• [Problem description] Restate, exactly as written, the entries below from the line that holds "Floral Merry Sweatshirt" through the line that holds "Genuine Italian Double". Pictures are not part of the copy.

** Data follows **

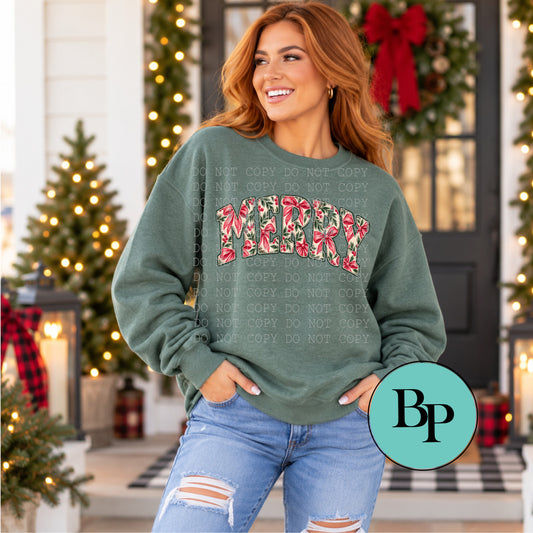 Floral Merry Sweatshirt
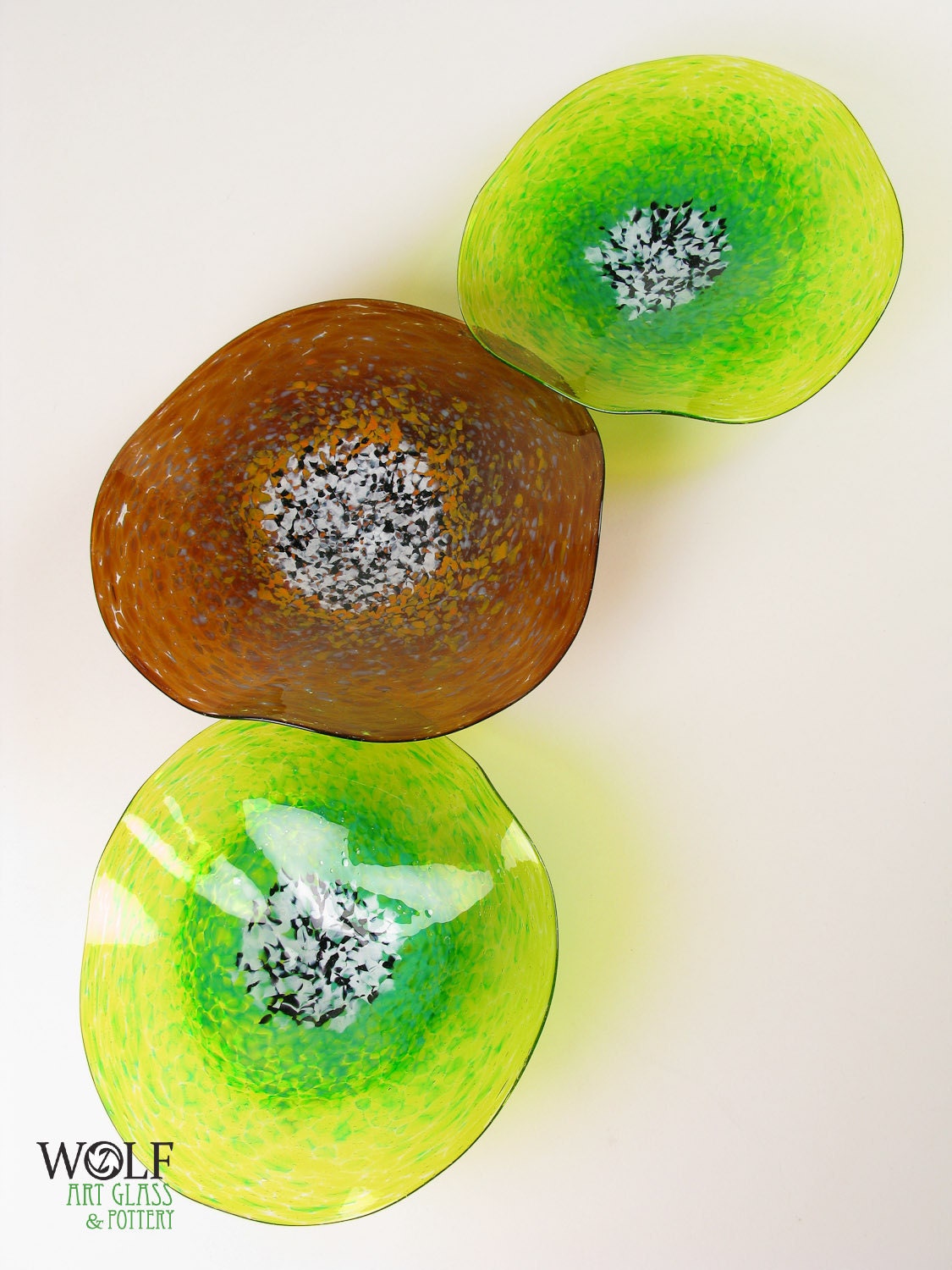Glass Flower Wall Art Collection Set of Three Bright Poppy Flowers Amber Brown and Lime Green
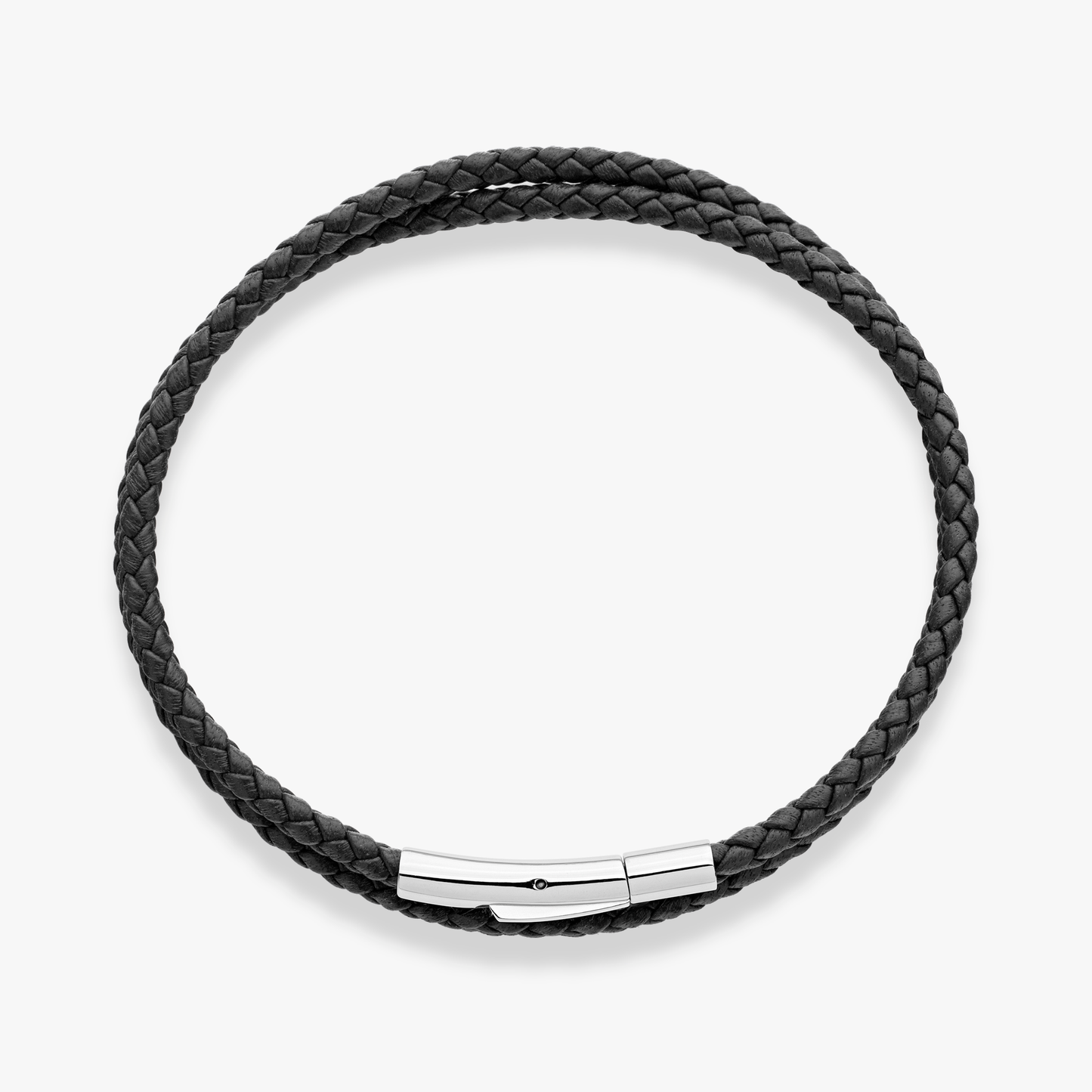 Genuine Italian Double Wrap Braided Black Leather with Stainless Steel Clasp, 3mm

** End of Data **
** Data follows **

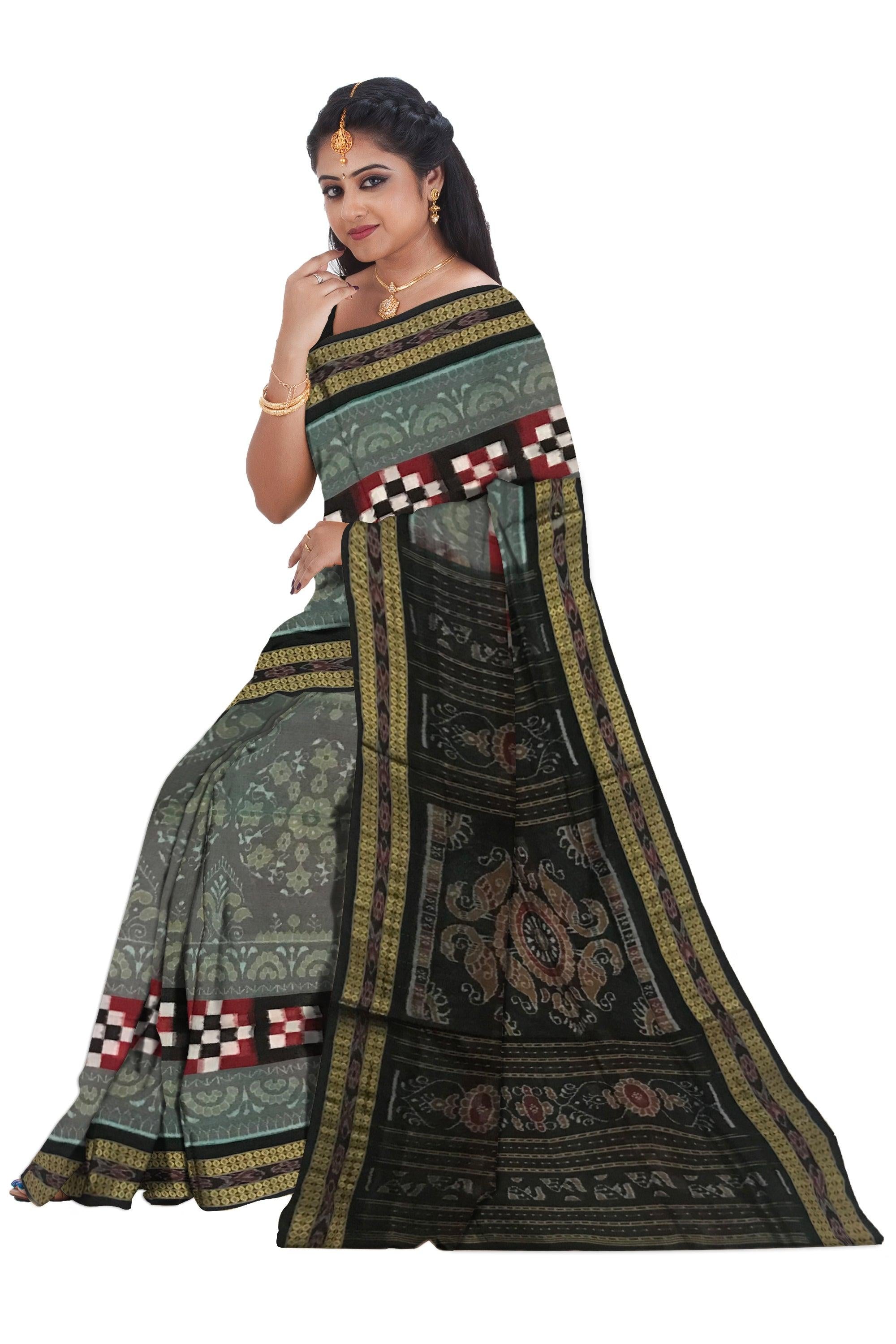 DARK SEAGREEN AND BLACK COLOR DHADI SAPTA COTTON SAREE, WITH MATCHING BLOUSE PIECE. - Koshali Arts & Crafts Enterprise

** End of Data **
** Data follows **

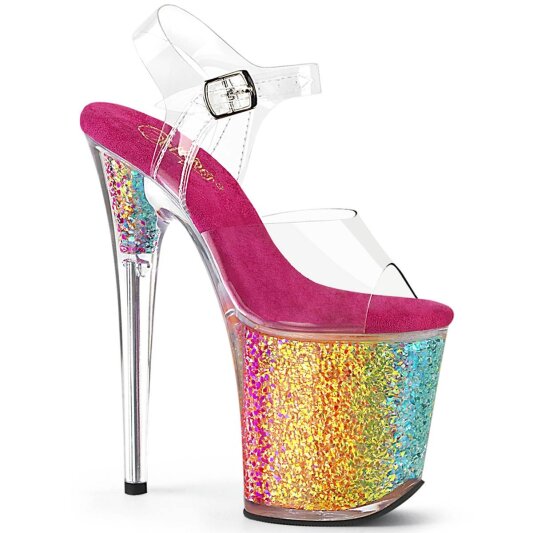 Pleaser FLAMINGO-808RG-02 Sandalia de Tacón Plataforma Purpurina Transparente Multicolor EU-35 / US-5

** End of Data **

• [Your response]
 Floral Merry Sweatshirt
Glass Flower Wall Art Collection Set of Three Bright Poppy Flowers Amber Brown and Lime Green
 Genuine Italian Double Wrap Braided Black Leather with Stainless Steel Clasp, 3mm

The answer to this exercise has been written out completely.